The design of query optimization varies greatly depending on the type of database you are using. The most common databases that use query optimization are relational databases and object oriented databases.
SQL has been adapted as the industry query language standard, however many times query optimization is done with relational algebra. Regardless of what language you use the concepts are the same. However it may be useful to note that the word "SELECT" in SQL is actually the projection operator in relational algebra, and the word "WHERE" functions the same as the selection operator.
Broad Overview
The general idea of query optimization, ideally, is to figure out a list of possible plans and evaluate each one based on run time. That approach proves time consuming however so certain assumptions are usually made to derive an optimal plan initially.
The main operations in a database query are projections (column selection), selections(tuple or row selections) and joins (cartesian product of tables). See relational algebra for a more accurate description of these operators.
The order and way you execute each of these operations greatly varies the time a query will take. The other consideration is the searching mechanism used for finding the data.
In relational databases, data can be stored based on several keys, where a key is a unique data field that identifies any given tuple (row). Common data structures are hashes and Btrees, depending on the most likely query and type of data stored. Different data storage structures are useful if queries with range operators (>, <, >=, <=) are going to be present (ie. find all gpa scores higher than 3.0).
Simple Example
Here is an extremely simple example that will demonstrate some of the basic concepts behind query optimization.
Start with a relational database with a table for students and a table for classes. These tables are related so that you can look up which students belong in which classes. The way the tables are related (via another table or a shared key) will be ignored for now.
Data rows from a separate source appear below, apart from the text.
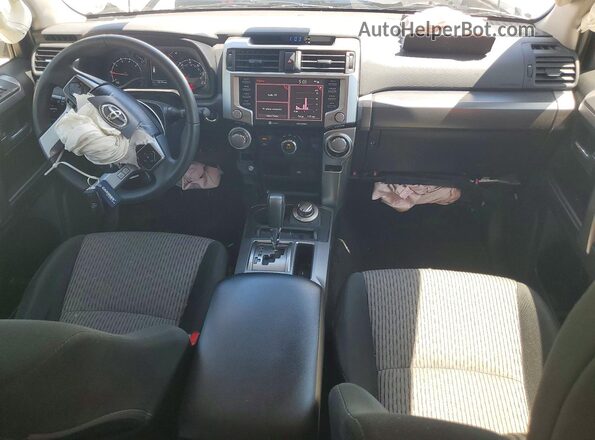 JTEMU5JR7R6225473 2024 TOYOTA 4RUNNER Белый Вид панели приборов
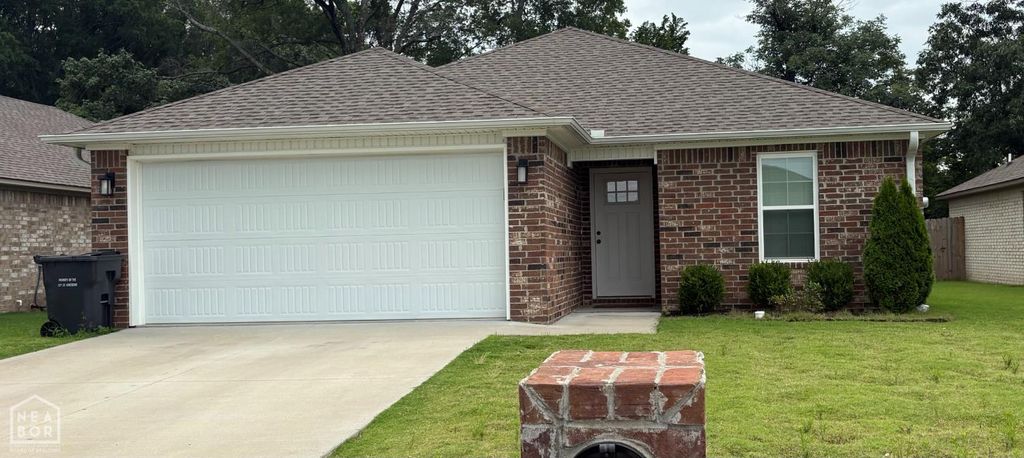 5735 Brookshire Dr, Jonesboro, AR 72401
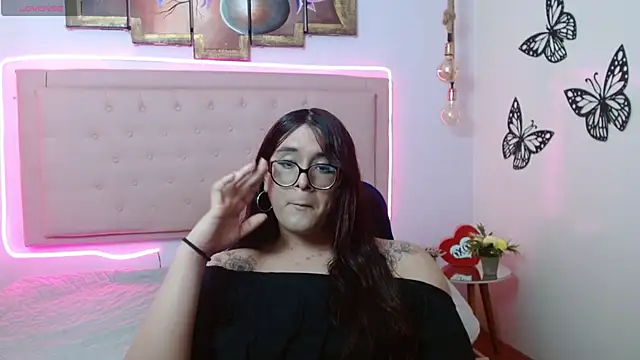 Snapshot of kathepickmanx chatting on January 6, 5:11 am kathepickmanx online show from January 6, 5:11 am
Here is a query, in SQL, that might be requested.
SELECT class_ID
FROM Students, Classes
WHERE class_Name='Drinking 101' AND student_Name='Barney Gumble'
The same query in relational algebra
π_{class_ID}((σ_{student_Name='Barney Gumble'}(Students)) X (σ_{class_Name='Drinking 101'}(Classes))
The big X represents cartesian product and could be replaced with the join operator.
In order to execute this query four things have to be done: joining the two tables classes and students, selecting the classes with a className of Drinking 101, selecting the students with a studentName Barney Gumble, and projecting out of the remaining tuples the class ID. You can construct a tree to represent the order of these operations with the things to be executed first on the bottom, and things to be done last on the top.
π class_ID



σ class_Name='Drinking 101'



σ student_Name='Barney Gumble'



Students X Classes
In most situations the join (cartesian product) is the most
time consuming operation, therefore you want to reduce the size of the tables as much as possible before joining anything. With the tree above we are joining the table Students with the table Classes, which could be a really long operation if these tables are relatively large. If we do the
selections and
projections first it will reduce the size of the tables drastically. This is called pushing down projections and selections. Now we make a new tree to represent the change in operation order. Two operations on the same level can be run in
parallel.
Students X Classes



π class_ID
/ \
_____/ \_____
/ \
/ \
σ class_Name='Drinking 101' σ student_Name='Barney Gumble'
Notice in this tree that the selections and projections are closer to the bottom (ie pushed down) and get executed first. By doing this basic simplification we have drastically reduced the query time. Other considerations would be the type of join used (left outer joins are frequently optimal), and the search mechanisms used to find the class name and the student name. This gets fairly complicated with large queries and ranged searches, but that is the basics of query optimization.